In fact, we measured the piece of styrofoam at the hotel to be \(0.381kg\), and at the top to be \(0.388kg\)!

A quick look at some numbers will give you an intuitive understanding of why this might be. Rounding off a bit, an object weighing 1kg at \(430m\) above sea level will accelerate towards the Earth at \(9.819m/s^2\) (ignoring every other force). At \(3777m\) above sea level, the acceleration will be \(9.809m/s^2\). Not a big difference! In contrast, air density at \(430m\) above sea level is around \(1.17kg/m^3\), while at \(3777m\) it's around \(0.84kg/m^3\)! A marked difference, and, as it turned out, enough to more than cancel out the effect of a lesser gravitational pull.

For these values of air density, I simply pulled them from The Engineering ToolBox's page about U.S. Standard Atmosphere, plonked them into GeoGebra, ran a 9th degree polynomial regression analysis on them, got a function expression (just a bunch of polynomials with really, *really*, **really** small coefficients), and did \(f(430)\) and \(f(3777)\).

\(f(x) = 0x^9 + 0x^8 + 0x^7 + 0x^6 + 0x^5 + 0x^4 - 0.000000000000307x^3 + 0.000000005452006x^2 - 0.000118741904987x + 1.223868489811585\)

I am nothing if not thorough! Look at that expression! I have GeoGebra set to display the maximum amount of decimal places, 15, which isn't enough! Ridiculous...

For the values of acceleration, I did a bit of calculating. (Note: For all these calculations I always round off to 3 decimal places.) I used Newton's Law of Universal Gravitation, \(F = G * \frac{m_1 * m_2}{r^2}\), where \(G\) is the gravitational constant (valued at \(6.67408 * 10^{−11}m^{3}kg^{-1}s^{-2}\); see Wikipedia), \(m_1\) is the mass of the smaller object (valued arbitrarily at \(1kg\) for ease of calculation), \(m_2\) is the mass of the larger object (the Earth, valued at \(5.97237 * 10^{24}kg\), see Wikipedia under Mass), and \(r\) is the radius between the centers of mass of the two objects.

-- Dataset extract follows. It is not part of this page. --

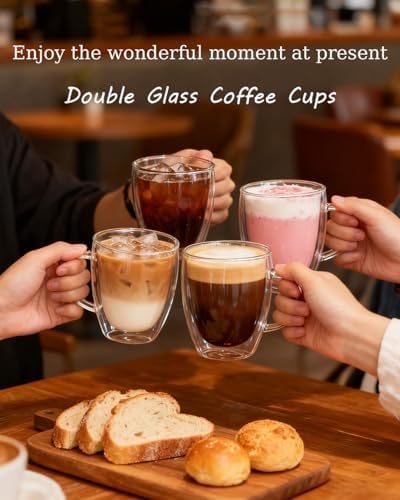 Glass Coffee Cups Set Of 6 - 12oz Double Walled Glass Coffee Mugs with Handle,Clear Insulated Borosilicate Glass Mug,Suitable for Cappuccino,Tea,Latte,Hot Beverage and Wine (6 Pack 12oz +6 Spoons) - Image 3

For the radius of the Earth, I used the mean radius as given on Wikipedia, \(6371km = 6.371 * 10^6m\) (everything in SI units, always, no exceptions). And at \(430m\) above sea level, the distance \(r\) between the two centers of mass is \((6.371 * 10^6 + 430)m = 6.37143 * 10^6m\). Of course, the center of mass of the styrofoam is a few centimeters inside it, but at these scales it hardly matters (and besides, we're only ball-parking it with these values, anyway). So then, calculating the \(F\) (force of gravity, in this case), yields about \(9.819N\) (you can plug the values in yourself), and since \(F = ma \Leftrightarrow a = \frac{F}{m}\), and here is why I chose \(1kg\) for the mass of the smaller object. \(a = \frac{9.819N}{1kg} = 9.819m/s^2\).

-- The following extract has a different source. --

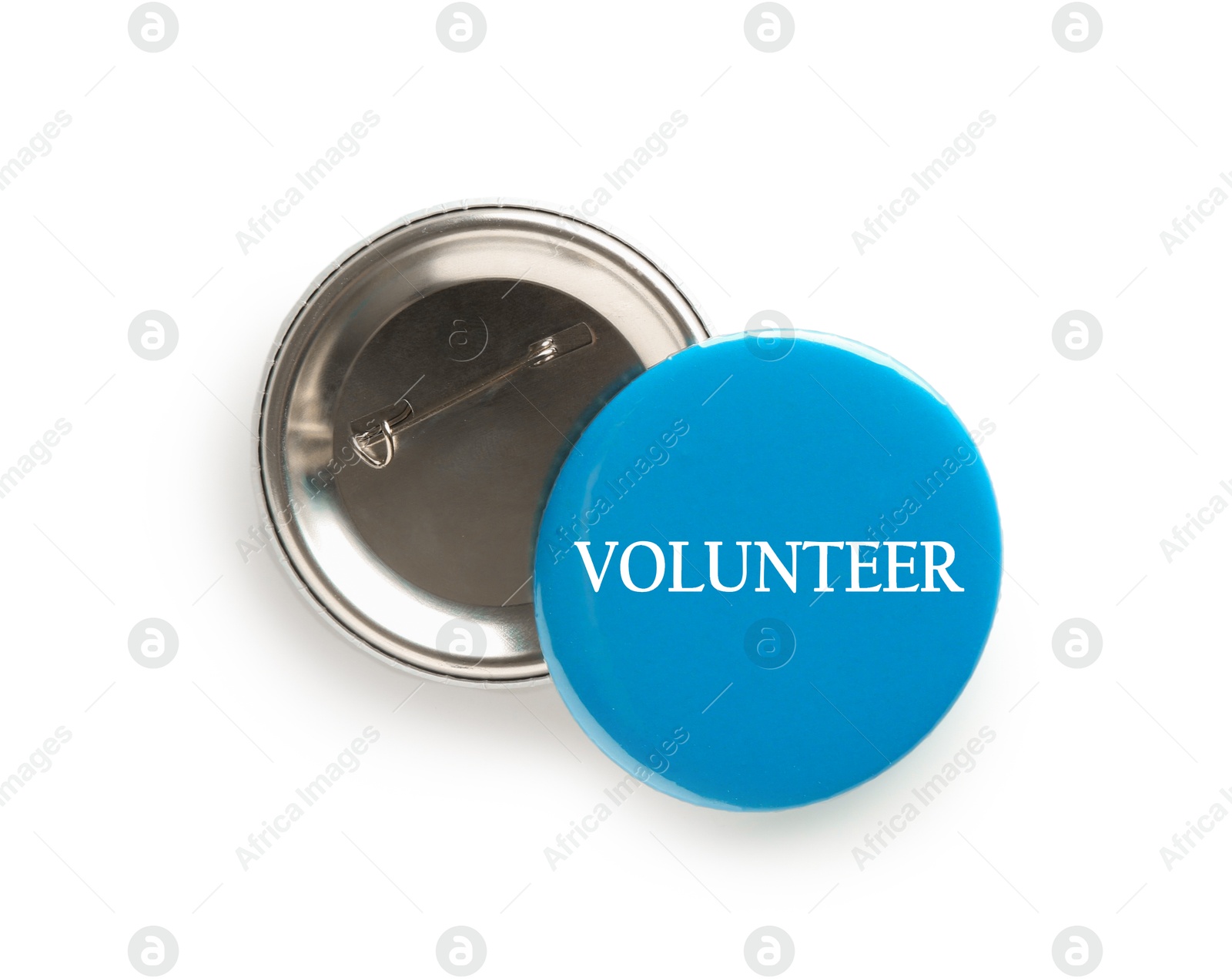 Image of Button badge with word Volunteer isolated on white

A similar calculation for the top of the mountain, except this time the distance \(r\) between the two objects will be slightly larger: \((6.371*10^6 + 3777)m = 6.374777*10{6}m\). Again for ease of calculation, we ignore all other forces and assume the weight is still \(1kg\). This time \(F = 9.809N\), and by the same logic, \(a = 9.809m/s^2\).

See, I know how to show my work!

In other good news, since the beginning of February I've been working part time for Ent3r Realfagstrening, going to three different schools on Mondays, Wednesdays, and Thursdays, helping younger students with math and physics homework! It's very fun, and it's excellent training for me. Between my own school work and my part time job, I feel massively busy, but not so busy that I can't crank out an update now and again.